12:15 p.m.: I've talked to more than a few Nevada Smiths regulars and they say the American turnout today is much stronger than it was for the 2006 World Cup. John from England, who declined to give his last name (bright lad) said Brits routinely outnumbered Yanks here in years past. Clearly, it's a new era at Nevada Smiths.
11:55 a.m.: Huge "USA! USA!" chant after the final whistle of Argentina's win over Nigeria. This place is teeming for a War of 1812 rematch.
11:45 a.m.: Stars and Stripes supporters broke out into an impromptu rendition of the Star Spangled Banner a few minutes ago. Some beautiful voices among this crowd. They put Roseanne Barr's and Carl Lewis' versions to shame.
11:15 a.m.: Just checked in with the bartender. By his count, Bud Lights and Sam Adams have been the hottest sellers this morning. Ford and GM may be struggling, but this crowd clearly supports domestic products.
10:45 a.m.: Plenty of love in this packed house for Lionel Messi. They're moaning after Messi's misses; this place will explode if he puts one on the board.

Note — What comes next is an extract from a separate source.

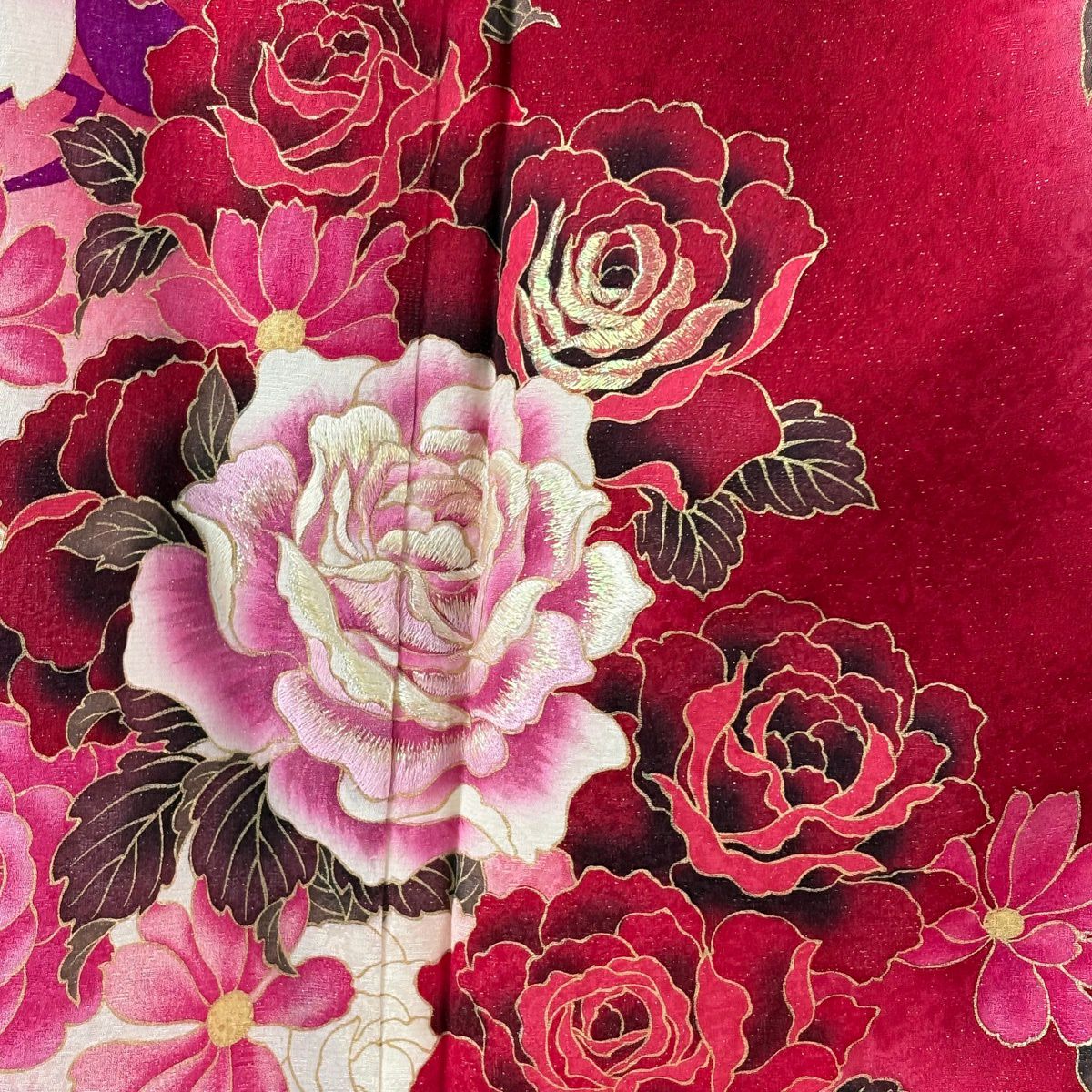 振袖禮服 身長177.5cm 袖長73.5cm L 雙層 草花紋紋 花瓣 銀通刺繡 紅 純蠶絲 逸品級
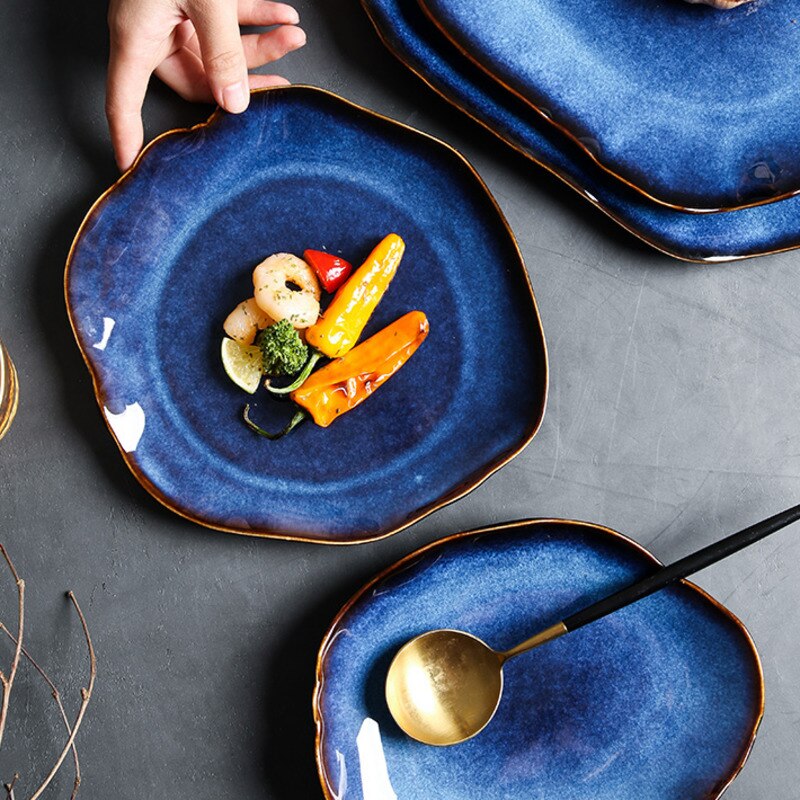 Ceramic Food Dish Flat Plate Pottery Irregular Dish Dinnerware Dishes Western Tableware Household Plate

10:15 a.m.: This place is packed like a rush-hour 4 train. Bouncers shut the door 20 minutes ago with about 20 people waiting outside.
9:50 a.m.: Mixed reaction from the crowd for Argentina coach and legend Diego Maradona. The Argentina fans cheered him like a deity; others shouted references to his past drug use.
9 a.m.: Small but vocal South Korean contingent here has plenty to cheer about with its team up 2-0 on Greece in the 76th minute.
7:25 a.m.: The main floor is near capacity with Sout Korea and Greece just under way. It's not even 8 a.m. and this place already has the feel of a frat party.
6:45 a.m.: A bar staffer unfurls a huge England flag on the back wall. Severe booing ensues. One USA fan is inspired to sing this chant: "England, England, whatever you'll be, don't leave your wife with John Ter-ry." Ouch.
6:25 a.m.: And we're in the door. Close to 100 fans in here and live soccer is still an hour away. "Wait until about 7:30 and this place will be absolutely slammed," owner Jack Keane says from behind the bar. A few brave souls are sipping beer, but the majority seem to be drinking coffee. Something tells me that will change as the day progresses.
5:50 a.m.: And our first Greece fan shows up. He's draped in a Greek flag and "Greece Lightning" shirt. He pulls out a cigarette and lights up as the line cheers him on. It's a Parlaiment -- the breakfast of champions.
5:30 a.m.: Bolling and Stewart are draped in American flags and the line has grown to 15. Only 90 minutes before the doors open, 600 minutes until kickoff for USA-England. "I can't believe I'm outnumbered 14-1," says Nick Green, the first English fan to show up.
4:10 a.m.: Michael Bolling, Ashley Stewart and Adam Mizrachi set up shop outside of Nevada Smiths at 4:10 a.m., wearing Team USA jerseys and red, white and blue face paint. They're the first first fans in line at the famous soccer bar for Saturday's USA-England showdown. Owner Jack Keane told patrons to show up at 4 a.m. -- 2½ hours before the bar opens -- to ensure that they'd get in for the game. Keane said he'd only be allowed to let in the first 500 fans before shutting his doors for the day. So Mizrachi & Co. showed up early and plotted out where to sit at the bar. "We wanted to be here at the mecca of soccer," Mizrachi said.